WHAT YOU HAVE TO DO — Return, word for word, the lines of the listing below from the one with "BrianaRogers - Live sexe cam - 23502521" through the one with "Helmet Stalker on", and no other lines.

DATA SUPPLIED —
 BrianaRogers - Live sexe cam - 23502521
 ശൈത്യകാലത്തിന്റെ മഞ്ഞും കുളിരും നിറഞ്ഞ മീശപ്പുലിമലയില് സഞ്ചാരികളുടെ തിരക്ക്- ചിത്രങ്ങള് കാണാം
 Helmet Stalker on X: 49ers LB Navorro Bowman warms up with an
* * *
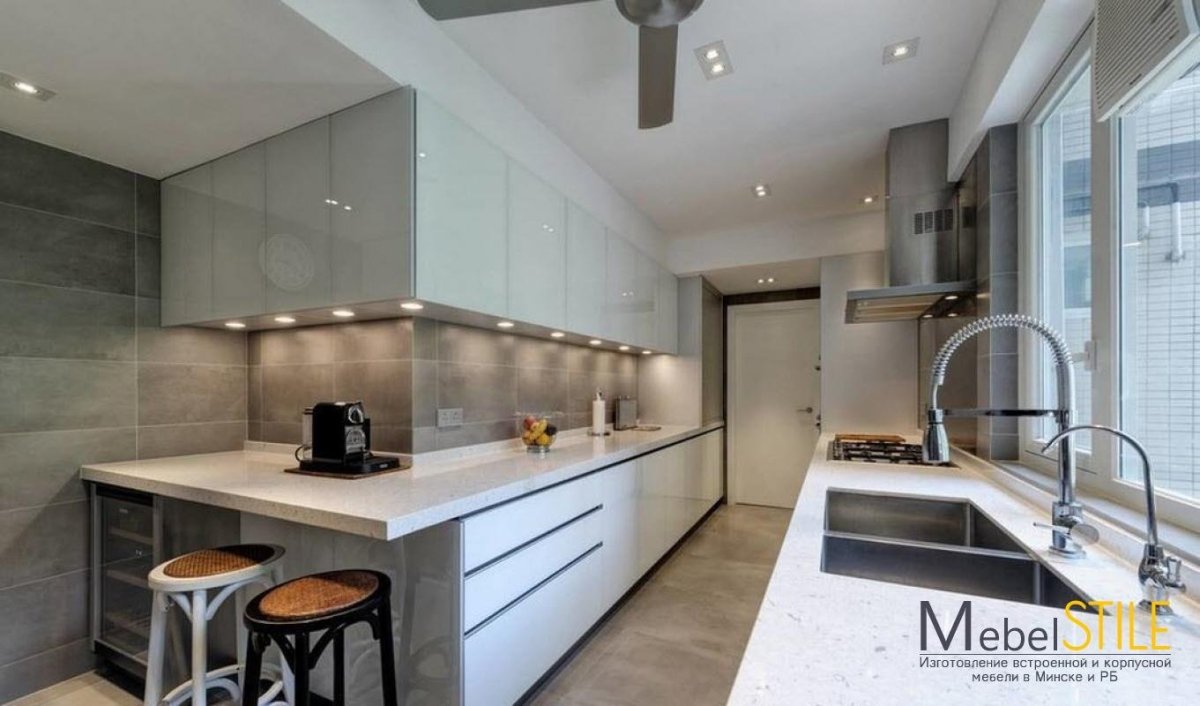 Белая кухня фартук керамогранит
* * *
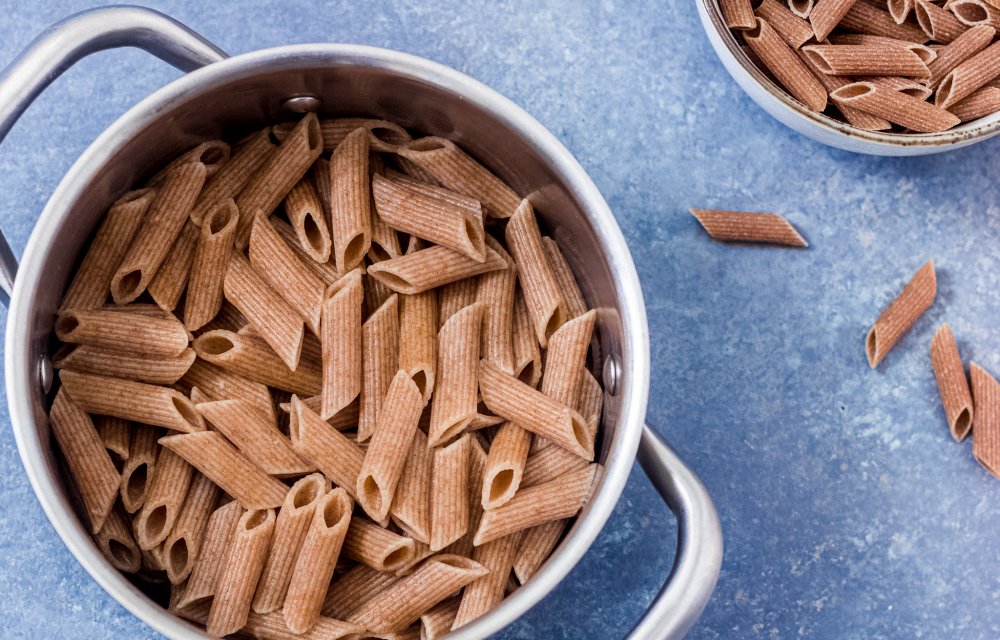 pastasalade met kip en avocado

RESULT FOR THIS TASK —
 BrianaRogers - Live sexe cam - 23502521
 ശൈത്യകാലത്തിന്റെ മഞ്ഞും കുളിരും നിറഞ്ഞ മീശപ്പുലിമലയില് സഞ്ചാരികളുടെ തിരക്ക്- ചിത്രങ്ങള് കാണാം
 Helmet Stalker on X: 49ers LB Navorro Bowman warms up with an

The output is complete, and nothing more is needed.